Selon les informations circulant, le dispositif envisagé pourrait conduire les opérateurs de télécommunications à suspendre ou résilier les abonnements des usagers dont les téléphones ne seraient pas considérés comme dédouanés. Une telle démarche soulève d’importantes interrogations, notamment sur la base juridique de cette procédure et sur la répartition des compétences entre les différentes institutions concernées.

Sur le plan juridique, la gestion des droits de douane relève exclusivement de l’administration douanière, conformément à la législation en vigueur. L’autorité de régulation des télécommunications, quant à elle, a pour mission principale de réguler le secteur, d’assurer le bon fonctionnement du marché et de protéger les intérêts des consommateurs. Confier à cette dernière un rôle indirect dans l’application de mesures douanières pourrait constituer un glissement de compétences, susceptible de créer une confusion institutionnelle qu’il convient de clarifier.

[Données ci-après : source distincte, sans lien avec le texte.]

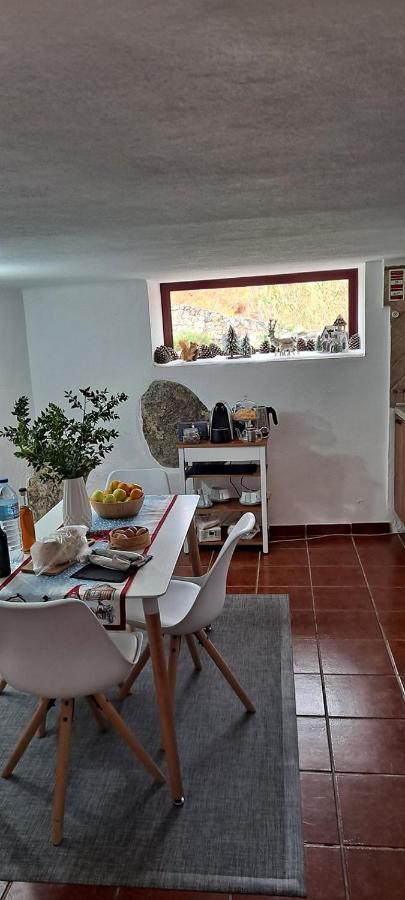 Casa Da Vizinha, Quinta Das Memorias Santo António das Areias Buitenkant foto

Par ailleurs, la relation contractuelle entre un opérateur téléphonique et son abonné repose sur un engagement légal et le paiement d’un service. Un abonnement dûment souscrit et payé confère à l’usager un droit, et toute suspension ou résiliation ne peut intervenir que dans les conditions prévues par la loi, les clauses contractuelles ou une décision juridiquement fondée. Toute interruption de service en dehors de ces cadres pourrait soulever de sérieuses préoccupations concernant le respect des droits des consommateurs et la sécurité juridique.

Dans ce contexte, il est essentiel que toute réforme ou mesure visant à réguler l’importation des terminaux mobiles soit clairement encadrée par la loi, portée par les institutions compétentes et appliquée dans le respect strict des procédures administratives et judiciaires. La transparence, la concertation avec les acteurs du secteur et la protection des droits des citoyens sont des éléments fondamentaux pour assurer la crédibilité et l’efficacité de toute politique publique.

La Mauritanie, engagée depuis plusieurs années dans un processus de modernisation de ses institutions et de renforcement de l’État de droit, doit veiller à préserver cet équilibre. Toute initiative dans un domaine aussi sensible que celui des communications et des droits des usagers doit respecter ces principes pour garantir une démarche de justice, de responsabilité et de bonne gouvernance. C’est dans cette optique de clarté et de légalité qu’une solution durable pourra être construite, conforme aux valeurs fondamentales du pays.